Continuing our precedent of including some sort of educational component in each newsletter, this month we present some tips & guidelines for dry-hopping to tie in with the planned experiment.

• Dry-hopping is a great way to get a bright hop aroma in your beer along with a bit of flavor without adding additional bitterness (though a highly dry-hopped beer may have some perceived bitterness). You can dry-hop any beer, but generally it is reserved for more hop-forward styles (Pale Ale, IPA, Pilsner, some Stouts, California Common, etc.).
• Dry-hop after fermentation is complete to avoid stripping out hop volatiles by carbon dioxide that is gassing off. Some brewers choose to dry-hop directly in the primary after fermentation is complete or you can transfer to a secondary to do your dry-hopping. It all depends on how confident you are in the health of your yeast and how long you plan to dry-hop for post-fermentation.
• If using hop pellets, there is no need to put the hops in a hop bag. Simply put them in the top of the fermentor, and they will settle to the bottom (sometimes crash cooling will expedite this process).
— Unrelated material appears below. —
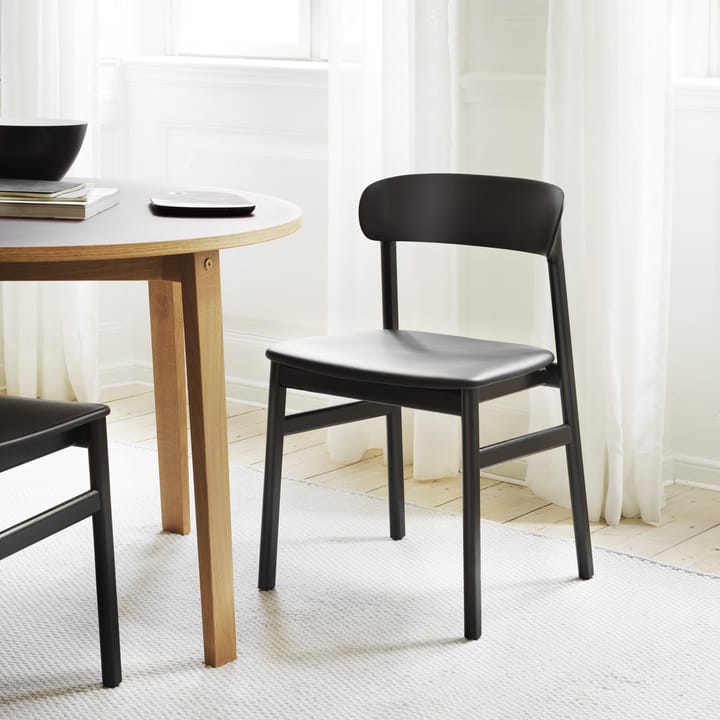 Silla Herit tapicería de cuero negro roble, negro Normann Copenhagen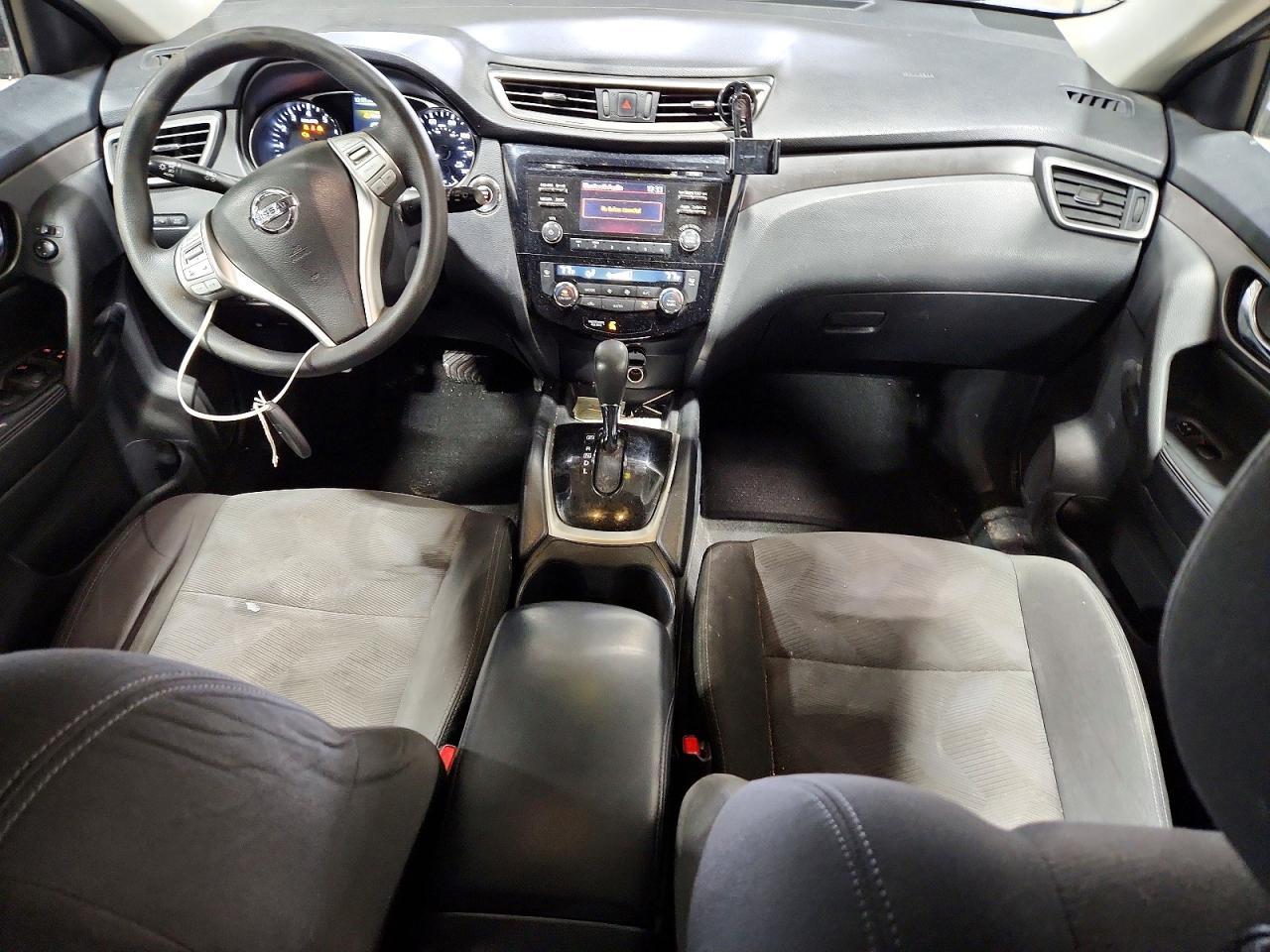 2016 Nissan Rogue sv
If using whole hops, a muslin or nylon hop bag is recommended. The bag of whole hops will naturally float, so you can use glass marbles or stainless steel ball bearings to help weigh the bag down (be sure to sanitize them first!).
• Hops have some natural anti-microbial qualities, and properly fermented beer should hinder the growth of any unsavory organisms. Therefore, there’s no need to worry about adding new hops to the beer post-fermentation.
• Most brewers to choose to dry-hop for 3-7 days. There is some anecdotal evidence that prolonged dry-hopping will lend a grassy, vegetal character to the beer. I’ve had success with even dry-hopping in the keg when I know a beer is going to be consumed quickly. I use a metal tea ball stuffed with hops to prevent the dip tube from clogging.
• NERD ALERT! Hop oils are made up of hydrocarbons and oxygenated compounds. The former includes such compounds as humulene (herbal/spicy), myrcene (citrus/pine), & caryophyllene (herbal/spicy as well), which are very volatile, and most are driven off during the boil as well as fermentation. Oxygenated compounds like geraniol and linalool (both floral-like characteristics) are less volatile. Dry-hopping allows you to “replenish” those oils that were driven off.